Multiscale Interactions: Unconventional reservoirs often exhibit multiscale interactions between geological features and fluid flow. The generative AI models may struggle to capture these interactions effectively, particularly if the training data does not encompass the full range of spatial and temporal scales involved.
Uncertainty Quantification: While the generative AI models provide probabilistic forecasts, quantifying uncertainty in unconventional reservoirs can be particularly challenging due to the complex interplay of geological, operational, and environmental factors. Accurately representing this uncertainty is crucial for informed decision-making but may require additional modeling efforts.
Integration with Existing Models: Integrating generative AI models with existing physics-based reservoir simulation models can be complex. Ensuring that the AI models complement rather than contradict established physical principles is essential for maintaining credibility and reliability in forecasts.
How can the insights gained from the probabilistic forecasts of oil and water production be leveraged to optimize field-scale operations, such as well placement, production scheduling, and fluid processing facility design?
The insights gained from probabilistic forecasts of oil and water production can significantly enhance field-scale operations through the following strategies:
Well Placement Optimization: By analyzing the probabilistic forecasts, operators can identify optimal locations for new wells based on predicted production rates and water cut. This data-driven approach allows for strategic placement that maximizes resource extraction while minimizing interference between wells, ultimately improving overall field productivity.

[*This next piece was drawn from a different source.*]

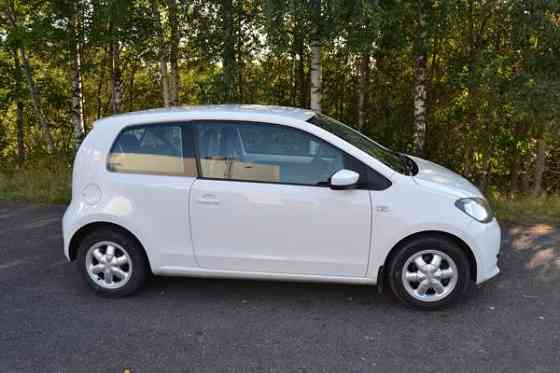 Skoda Citigo Лаппенранта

Production Scheduling: The probabilistic nature of the forecasts enables operators to develop more effective production schedules. By understanding the expected fluctuations in oil and water production, operators can adjust extraction rates to align with peak production periods, thereby optimizing resource utilization and enhancing economic returns.
Fluid Processing Facility Design: Insights from the forecasts can inform the design and capacity planning of fluid processing facilities. By anticipating variations in production rates and water content, operators can ensure that processing facilities are adequately sized and equipped to handle expected volumes, reducing bottlenecks and operational inefficiencies.

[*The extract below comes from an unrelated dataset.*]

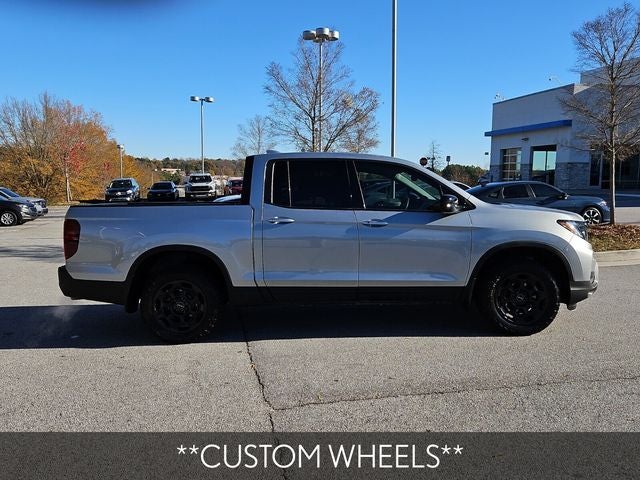 2025 Honda Ridgeline Sport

Risk Management: The probabilistic forecasts provide a framework for assessing risks associated with production variability. Operators can develop contingency plans based on different scenarios, allowing for proactive management of potential challenges such as equipment failures, supply chain disruptions, or unexpected changes in production rates.
Enhanced Decision-Making: The integration of probabilistic forecasts into decision-making processes allows for a more nuanced understanding of the uncertainties involved in oil and water production. This can lead to more informed decisions regarding investments, operational adjustments, and resource allocation, ultimately enhancing the overall efficiency and profitability of field operations.
Feedback Loop for Continuous Improvement: By continuously monitoring actual production against probabilistic forecasts, operators can refine their models and improve future predictions. This feedback loop fosters a culture of continuous improvement, enabling operators to adapt to changing conditions and optimize operations over time.
In summary, leveraging insights from probabilistic forecasts can lead to more strategic and efficient field-scale operations, ultimately enhancing the economic viability of oil and water production in complex reservoir environments.